## Work to complete:
Transcribe every entry exactly, with nothing added or left out.

## Stored items from a collection:
------------------------------------------------------------------------

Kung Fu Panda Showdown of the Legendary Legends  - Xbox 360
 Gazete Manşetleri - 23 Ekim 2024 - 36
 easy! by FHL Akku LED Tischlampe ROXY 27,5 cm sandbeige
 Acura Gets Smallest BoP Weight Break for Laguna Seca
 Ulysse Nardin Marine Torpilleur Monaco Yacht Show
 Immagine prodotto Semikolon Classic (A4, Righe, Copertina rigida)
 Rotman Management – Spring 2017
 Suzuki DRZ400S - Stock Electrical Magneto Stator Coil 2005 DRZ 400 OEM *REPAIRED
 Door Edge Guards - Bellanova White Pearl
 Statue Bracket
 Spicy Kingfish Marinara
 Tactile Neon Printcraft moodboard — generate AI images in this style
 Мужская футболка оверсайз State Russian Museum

------------------------------------------------------------------------

## Exercise result:
Kung Fu Panda Showdown of the Legendary Legends  - Xbox 360
 Gazete Manşetleri - 23 Ekim 2024 - 36
 easy! by FHL Akku LED Tischlampe ROXY 27,5 cm sandbeige
 Acura Gets Smallest BoP Weight Break for Laguna Seca
 Ulysse Nardin Marine Torpilleur Monaco Yacht Show
 Immagine prodotto Semikolon Classic (A4, Righe, Copertina rigida)
 Rotman Management – Spring 2017
 Suzuki DRZ400S - Stock Electrical Magneto Stator Coil 2005 DRZ 400 OEM *REPAIRED
 Door Edge Guards - Bellanova White Pearl
 Statue Bracket
 Spicy Kingfish Marinara
 Tactile Neon Printcraft moodboard — generate AI images in this style
 Мужская футболка оверсайз State Russian Museum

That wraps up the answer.